Now. What to do? Should I rip out a short length of the collar and try to even things up by burying it further beteween the yoke and facing?  Could this be a recipe for disaster?  Should I chalk this collar up to experience, be mindful of what has happened here when making the next shirt and live what I have?  Is it wearable or does it SCREAM?


  1. You have done such beautiful work on the rest of the shirt, I think you should adjust the collar. My first two shirts I took off and attached the collar so many times I am embarrassed. But it was a learning experience and I am glad I did it. Since you don't have a deadline, take a break for a few days and you will be reinvigorated.

  2. Collars are hard to do and can be so frustrating. You have done a very nice job minus that mistake with the shirt so far. I would call this a practice shirt and wear it while you sew other projects. Your top stitching is very pretty!

  3. Collars are humbling. It's your first one so don't be too hard on yourself.

  4. Hello Gavin,

    I totally agree with Susan.
    And, by all means wear this shirt! My guess is that those fun pocket flaps are going to be the first thing people notice anyway :-))
    Besides, even if the collar isn't perfect, the stitching is immaculate.



  5. Brilliant Gavin.

    Wear it, wash it, wear it, take it on holiday, spill beer on it, keep talking so nobody gets to your collar with a tape measure, have another beer...

    Whatever you do, don't undo it!


  6. It doesn't look bad so leave it as-is and chalk it up to experience. In the future, sew your collar out from the center in each direction. That way, whatever happens, it should be even on both ends. Did you not notch so you could see how things were lining up? Truly, though, the error is hardly noticeable and nobody but you will ever know.

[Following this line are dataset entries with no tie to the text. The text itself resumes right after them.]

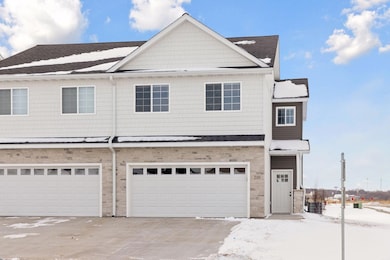 628 Franklin St, Roberts, WI 54023 - photo 3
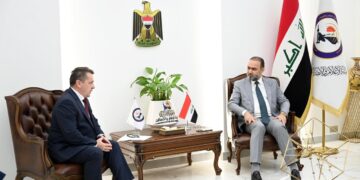 رئيس هيأة الإعلام والاتصالات يبحث مع السفير الأوكراني سبل التعاون في مكافحة التضليل وتعزيز دقة المعلومات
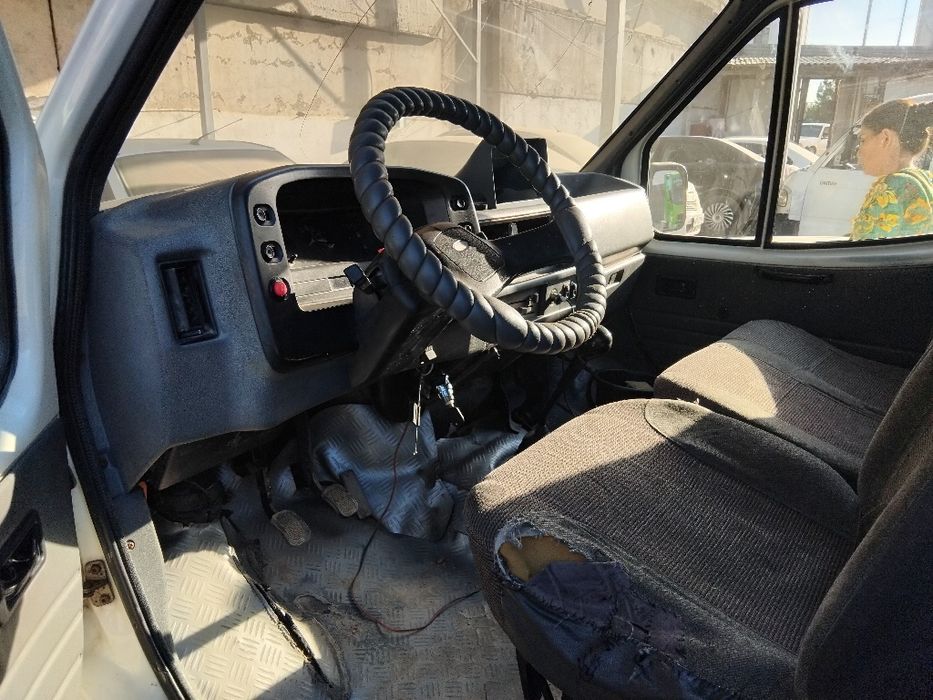 Ford tranzit sotiladi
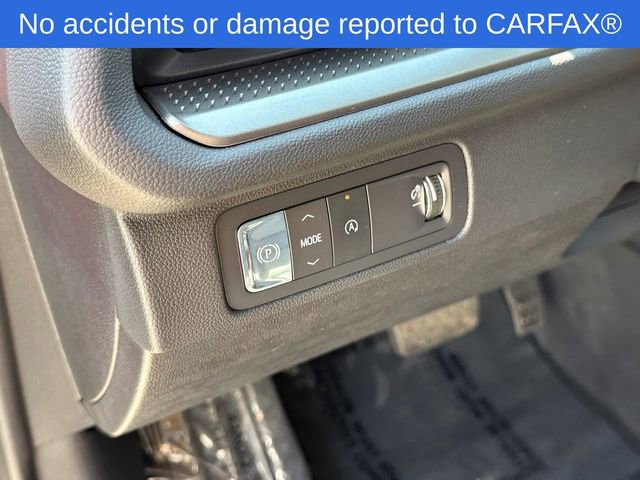 Certified 2025 Chevrolet Traverse LT w/ Midnight/Sport Edition FWD image 21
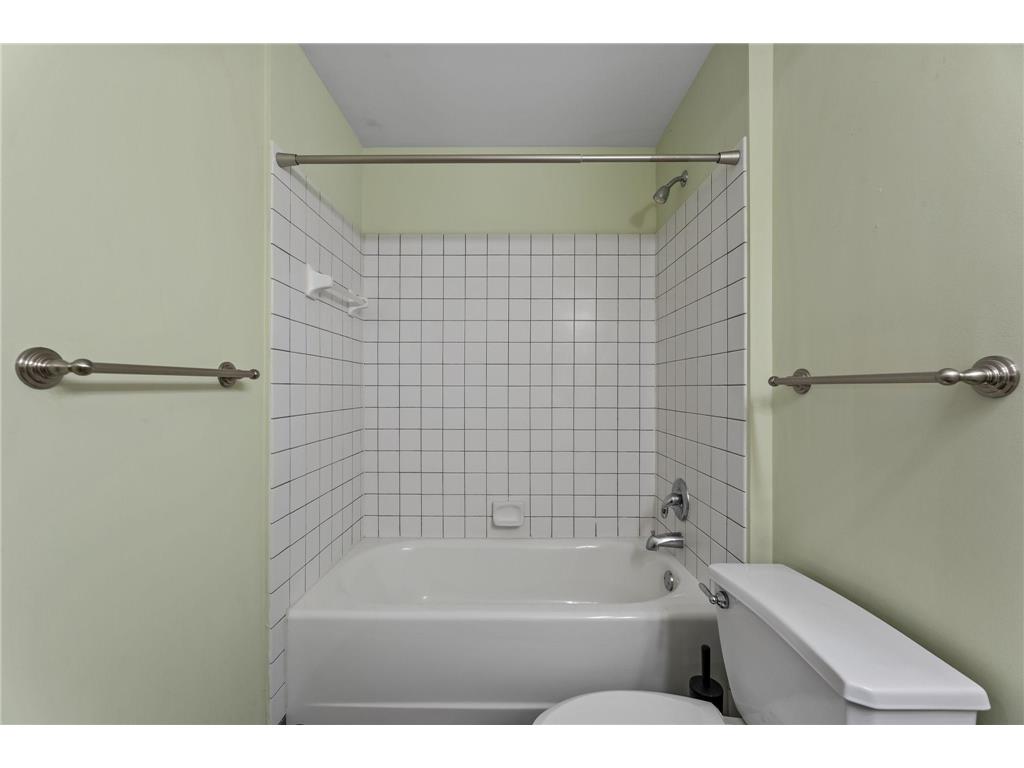 825 Berry Street #103 Saint Paul MN 55114 7064221 image33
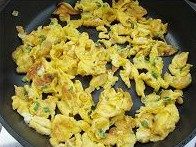 百变鸡蛋胡萝卜炒鸡蛋,锅中放油,油热后下入鸡蛋液,用翻炒至鸡蛋定型,盛出备用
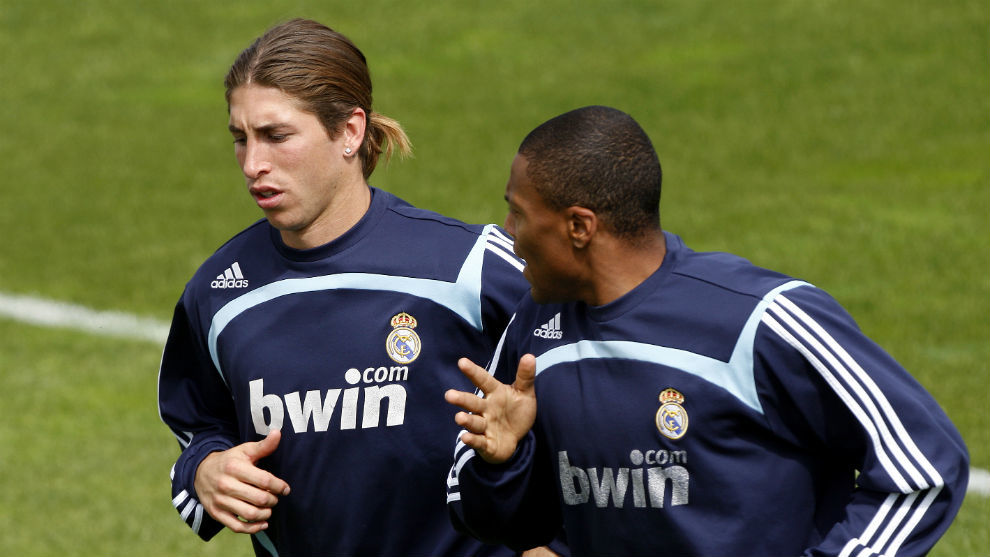 Julio Baptista junto a Sergio Ramos en un entrenamiento con el Real...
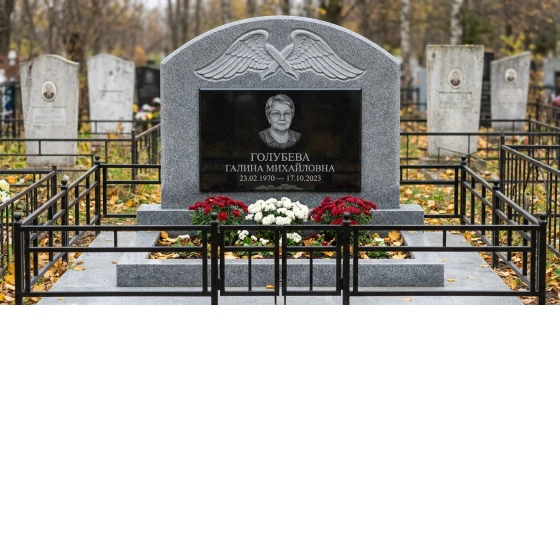 Памятник с парящими крыльями ангела из мансуровского гранита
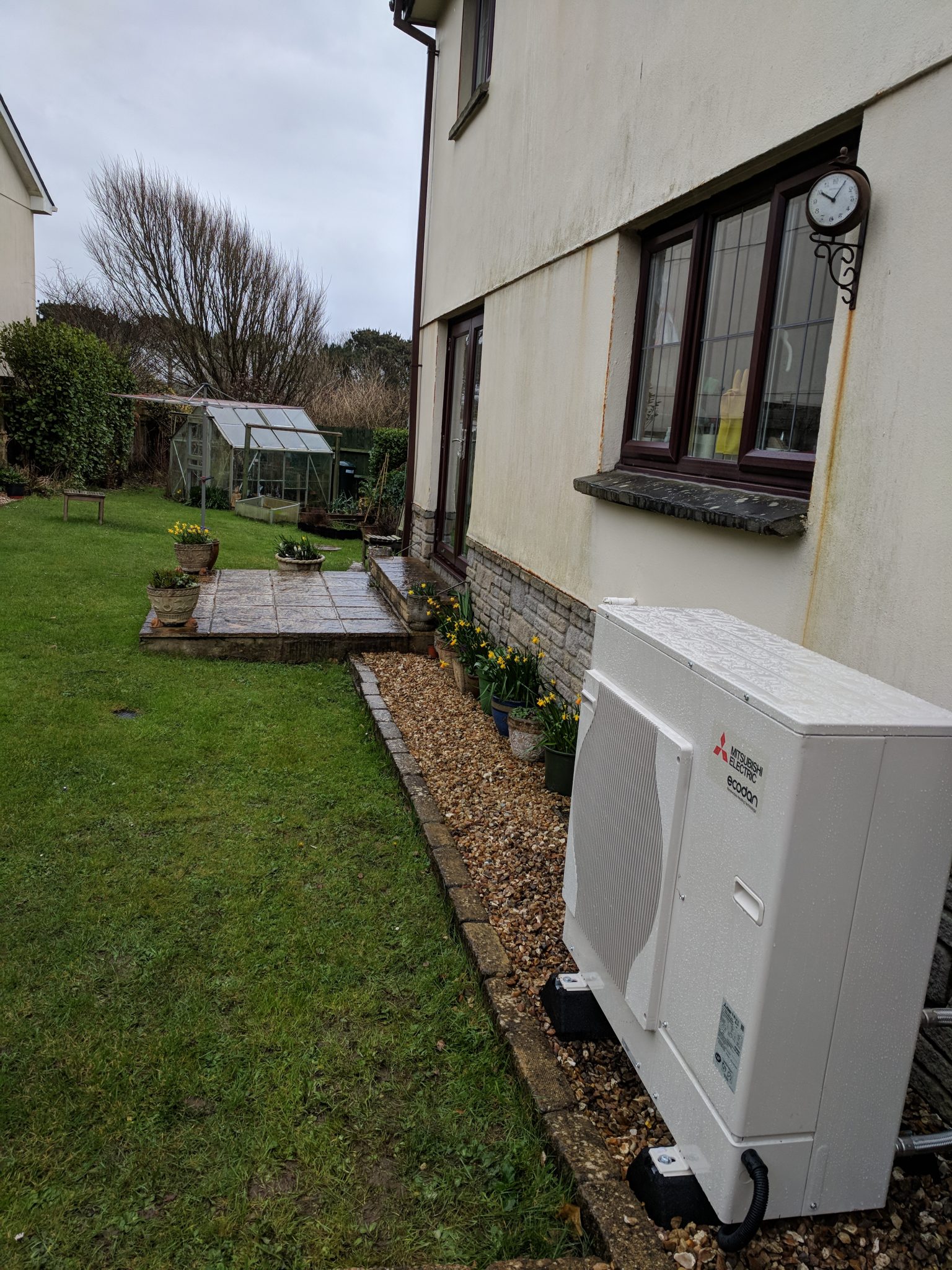 This 8.5kw air source heat pump in Mullion sits snugly beside the properties outside wall.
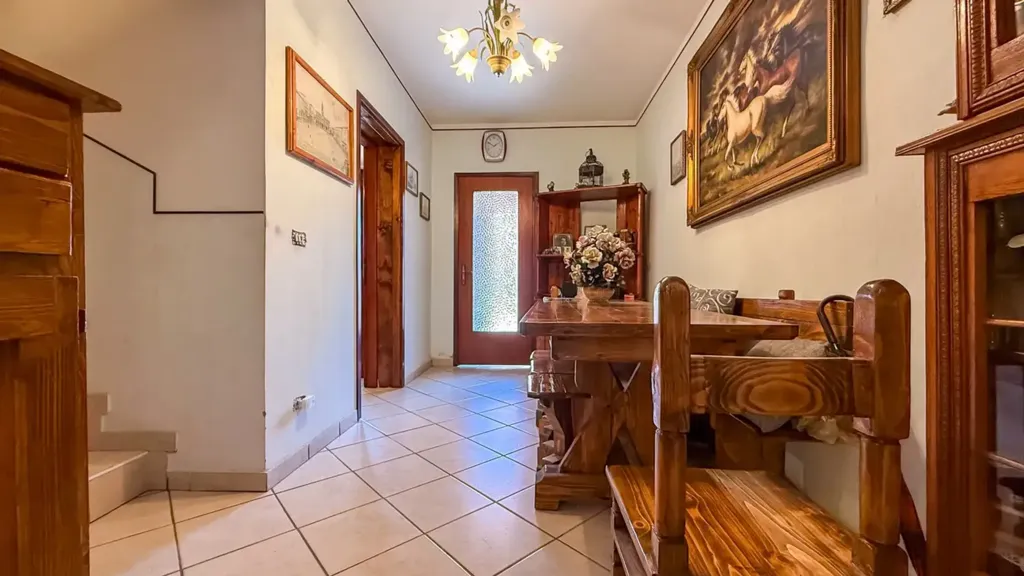 hallway_entrance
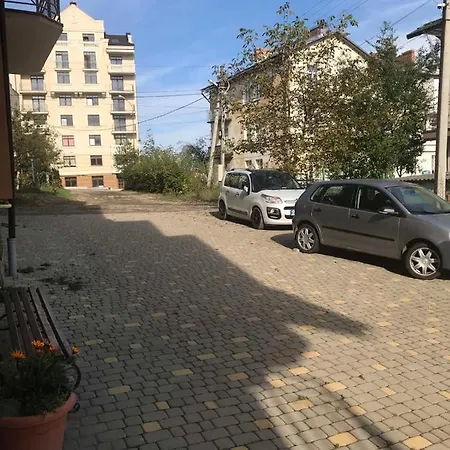 студія *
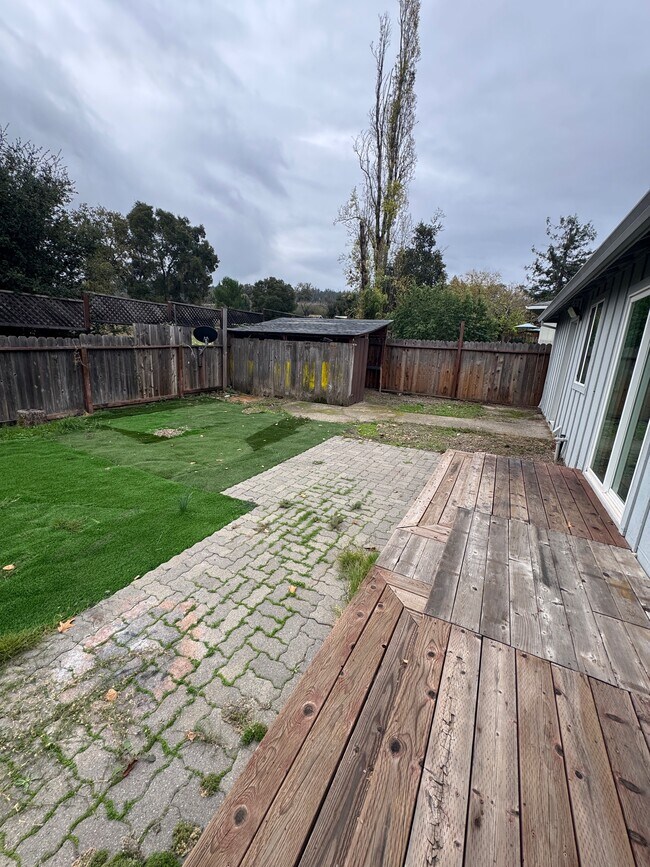 Building Photo - 224 Brand Rd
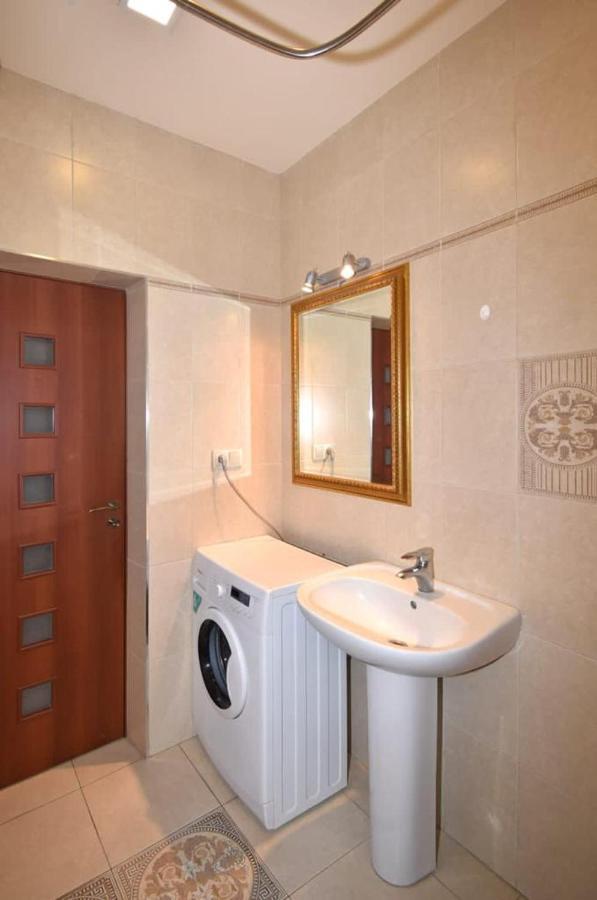 Apartament 74/3New Building In The Center Of The Capital Erywań Zewnętrze zdjęcie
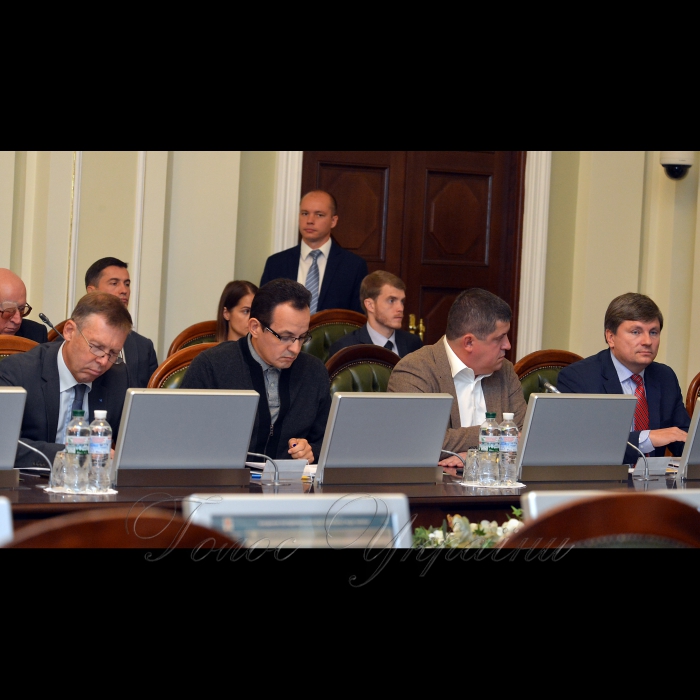 2 жовтня 2017 засідання погоджувальної ради.
Сергій Соболєв (Б), Олег Березюк (Сам.), Максим Бурбак (НФ), Артур Герасимов (БПП).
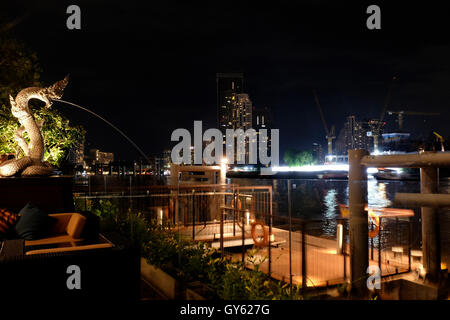 Blick auf den Chao Phraya Fluss durchquert Khlong San und Bang Rak Bezirke von Royal Orchid Sheraton Hotel & Towers in Bangkok Thailand Stockfoto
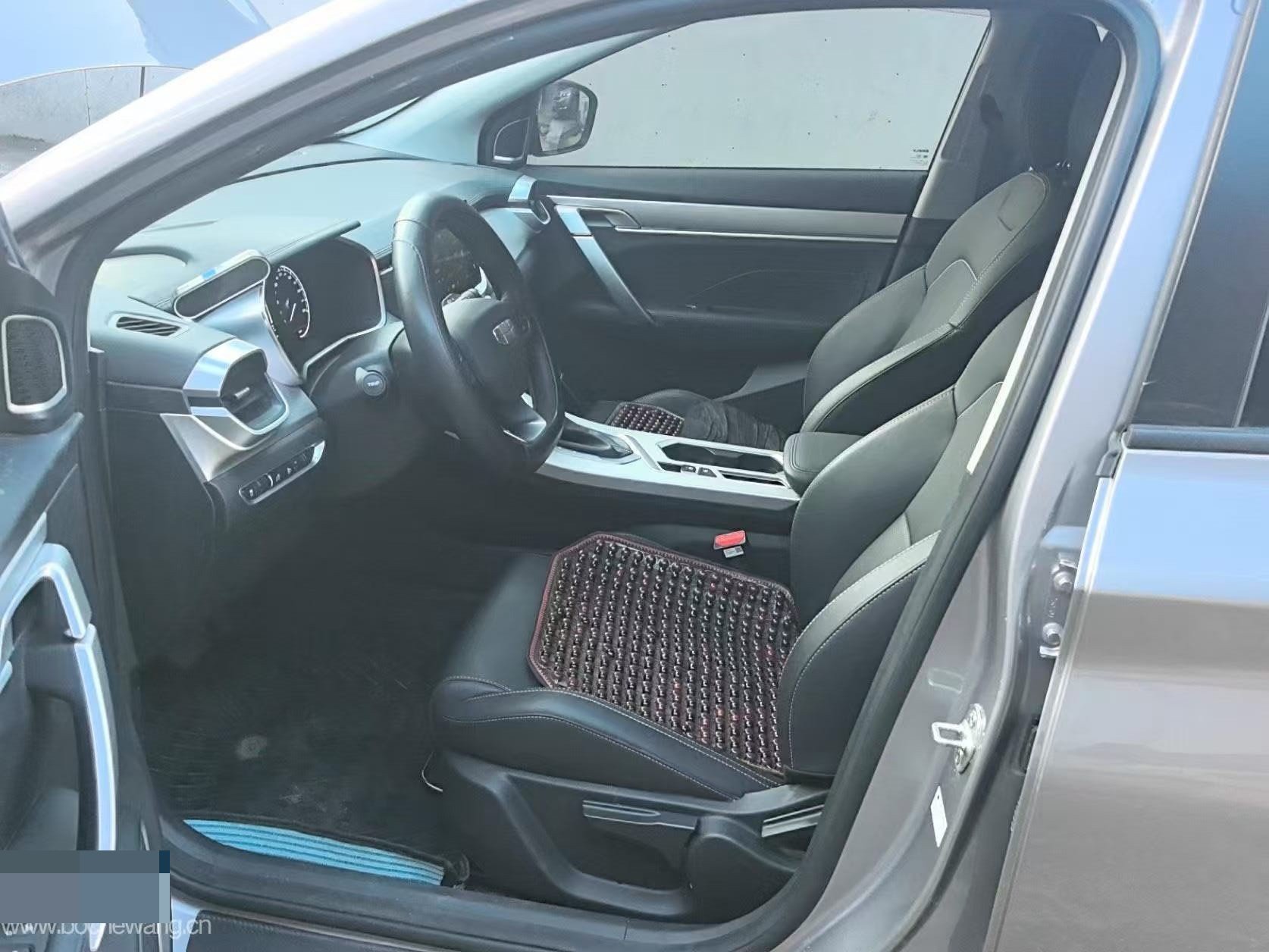 GEELY Coolray 2025 car image #6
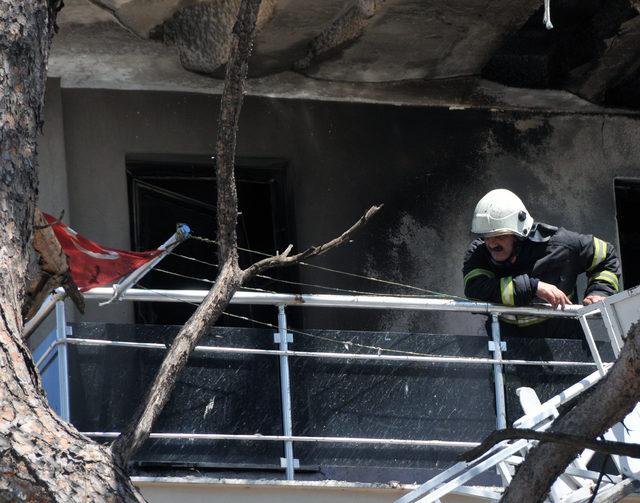 Yangında ev küle döndü, Türk bayrağı zarar görmedi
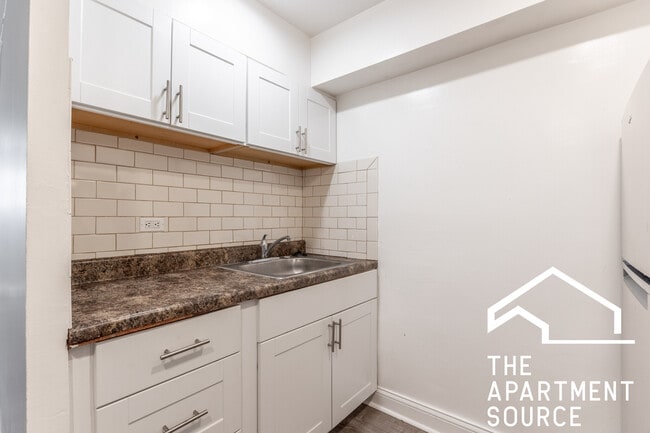 Photo - 906 W Montrose Ave Unit G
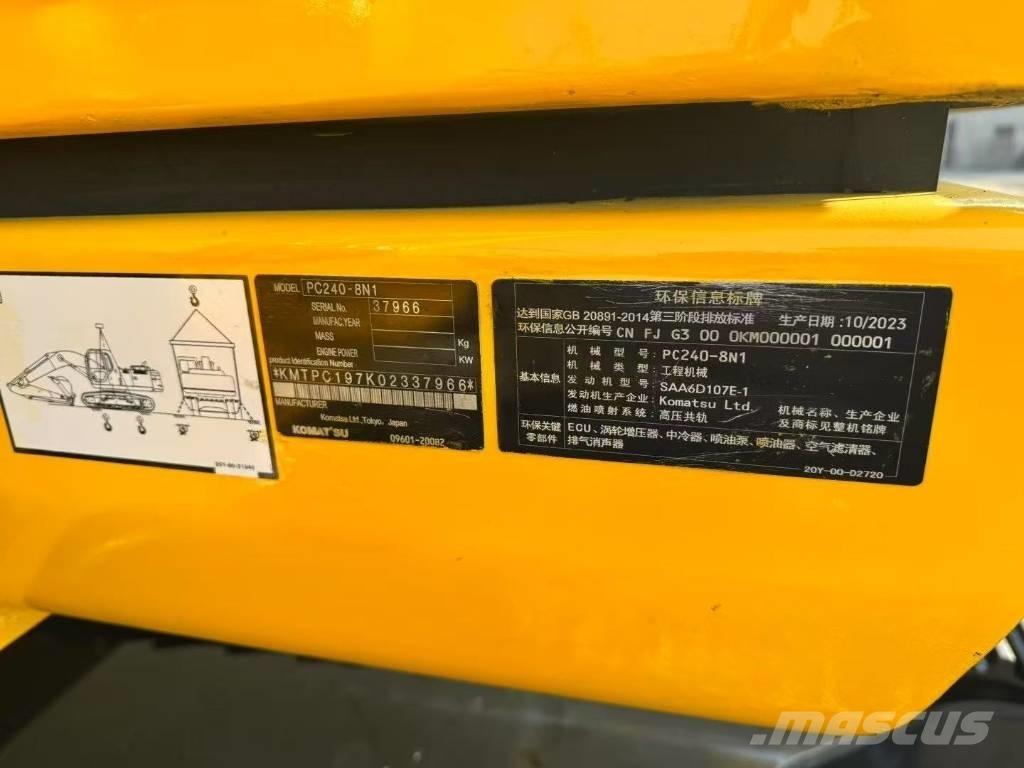 Komatsu 240-8N1 Lánctalpas kotrók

  7. It looks pretty good Gavin, not quite as bad as you think! I think this is one of those sewing techniques that gets easier the more you practice. I have found it easier to sew the collar to the outer yoke first, and Peter's suggestion is a good one to try and match centers to sew out. Staystitching the curved yoke edge and notching before sewing can also help keep the yoke from puckering. I have found it easiest for me to attach the collar first to the outer yoke, then sew the inner and outer yoke to the bottom shirt back, then finish up the lining by pressing and hand stitching the upper part in place around the shoulders and collar. I'm sure you'll find your own tricks after trying a few more times. Happy stitching!